At first glance this looks as if it would boost exports and reduce the trade deficit.
Indeed, it might prove politically promising for advocates of the strategy to pitch the
plan as one that would do this.
Many economists think it won’t work that way, however. That’s because as soon as a
cash-flow-based tax with border adjustment looks likely to become law, the value of
the dollar should rise in currency markets. And that stronger dollar could eliminate
the apparent pro-export, anti-import effects of the tax. The dollar could rise by, say,
20 to 25 percent, and the trade balance could remain about where it started.

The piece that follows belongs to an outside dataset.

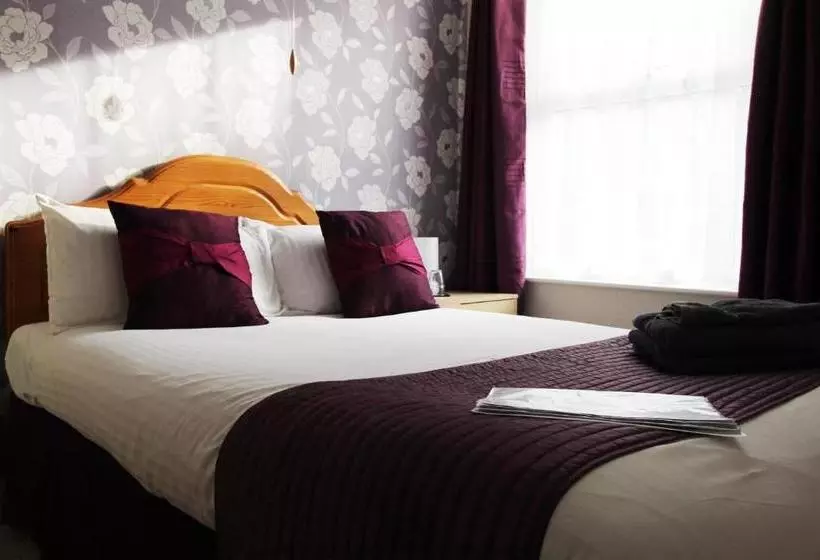 ペンション Taunton House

Essentially, moving to this system means betting on a “textbook economic
theory,” as analysts at Evercore ISI put it, becoming a reality even though the effect
hasn’t been tested in practice.
If the dollar doesn’t strengthen as expected, for example, import-dependent
industries, especially those with lean profit margins, could face disaster. That helps
explain why some of the stiffest opposition to this tax overhaul is coming from the
retail industry. Essentially, economists are telling them “trust us, our models say the
currency will adjust and it will all come out in the wash,” but if the models are wrong,
for companies like Walmart, Target and many others that sell large volumes of
imported goods, their viability could be threatened.
If the models turn out to be right, there is a different set of risks. The United States
dollar is the linchpin of the global financial system, and a large move in its value
triggered by changes in domestic tax policy could have unforeseen effects.
Many companies worldwide, especially banks and especially in emerging markets,
have debt denominated in dollars, which would become more of a burden after a new
dollar appreciation. A big dollar rise would also effectively shift trillions in wealth
from American investments overseas toward global investors with assets in the
United States.
As Jared Bernstein of the Center on Budget and Policy Priorities has noted, we don’t
really know what the distributional consequences of this tax overhaul would be. It
could increase the costs of imported goods that the poor spend a disproportionate
portion of their income on, like clothing and gasoline. That would be bad news for
poorer Americans even as it makes the overall economy more efficient.
There’s still a lot of work to be done to understand the far-reaching consequences of
the D.B.C.F.T. (also, work to be done to find a catchier name). But there’s a broader
point about the nature of any major policy reform. The benefits of a reworked
corporate tax code would emerge slowly; these disruptions and costs could arrive
almost instantly.
No matter the outcome, 2017 will be a fascinating year in which core components of
the tax system – with long-lasting economic consequences – will be up for grabs.